Artist and programmer Jason Rohrer had a cool idea. If we XOR an MP3 with some other file (call it A), there will be no statistical correlation between the resulting file and the MP3. He thinks this means that the resulting file (which he calls a “Mono” file) is not a copy or a derivative work of the MP3, so it can be distributed freely. (How, after all, can anyone claim copyright on arbitrary streams of bits?) He wrote a piece of software, Monolith, to demonstrate the concept. He also placed a WAV file in the public domain that he encourages people to use as “file A”. The math works out such that if you have the Mono file and the “file A” that was used to create it, you can get the original MP3 back out.

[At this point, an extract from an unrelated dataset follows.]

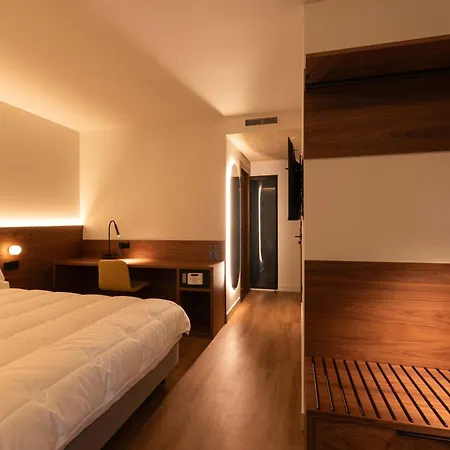 Biazteri Hotel 2*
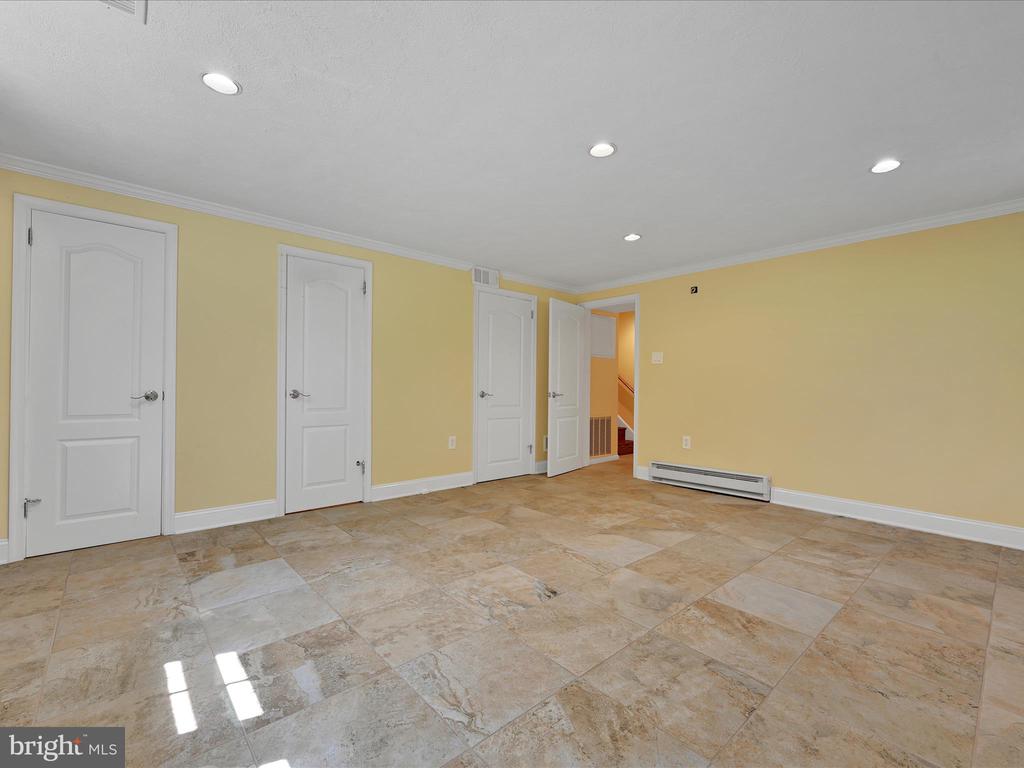 101 WOODED LANE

Whether distributing a “Mono” file made from a copyrighted MP3 and some arbitrary, unknown file is copyright infringement is a bit of a tree-falling-in-the-woods question. Yes, it’s an infringement, I suppose, but because almost nobody can replay the sound from the Mono file, the copyright holder is unlikely to notice.

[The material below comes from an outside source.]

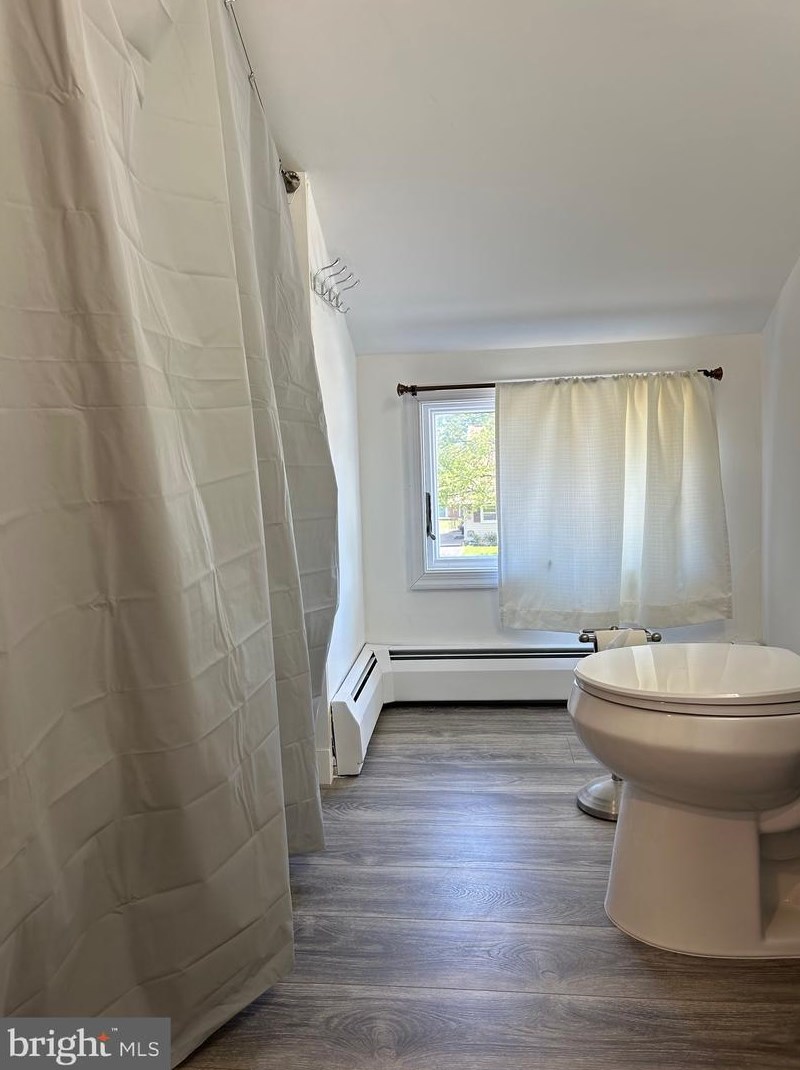 20 Ruby Ln, Levittown PA  19055-1433 exterior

But when you distribute the Mono file when everybody knows that you’re supposed to use Rohrer’s “file A” as the other file in order to get the MP3 back out, you’re just distributing the MP3 in a different encoding, like distributing it in some encrypted form, or in a ZIP file. Rohrer recognizes that MP3s are copies of sound recordings because “an algorithm exists that can convert an MP3 file into sound mechanistically without any additional information”. The same is true of Mono files. Since everybody knows that you just XOR the mono file with Rohrer’s freely-distributed “file A” to get the MP3, there’s a well-known algorithm that can turn the Mono file into sound. It fits within the statutory requirement that to infringe a sound recording copyright, one must create “phonorecords or copies that directly or indirectly recapture the actual sounds fixed in the recording.” The Mono files recapture the actual sounds fixed in the recording just as much as the original MP3 does; there’s just an extra step involved.
“Fine,” you respond. “So if you can XOR it with some other file and get a copyrighted work, it’s a copy. So a file full of zeroes is an infringement, because if you XOR it with an MP3, you get the MP3.” Obviously, though, the game is over if the algorithm that gets you the copyrighted work back out of your file needs to crib from the copyrighted work in order to do so.
So, in other words, if a computer can get the copyrighted work back out of it without seeing the copyrighted work, it’s a copy. So an MD5 isn’t a copy, and neither is any other sort of short audio fingerprint. But if there’s some way to replay the content in the file, it’s a copy.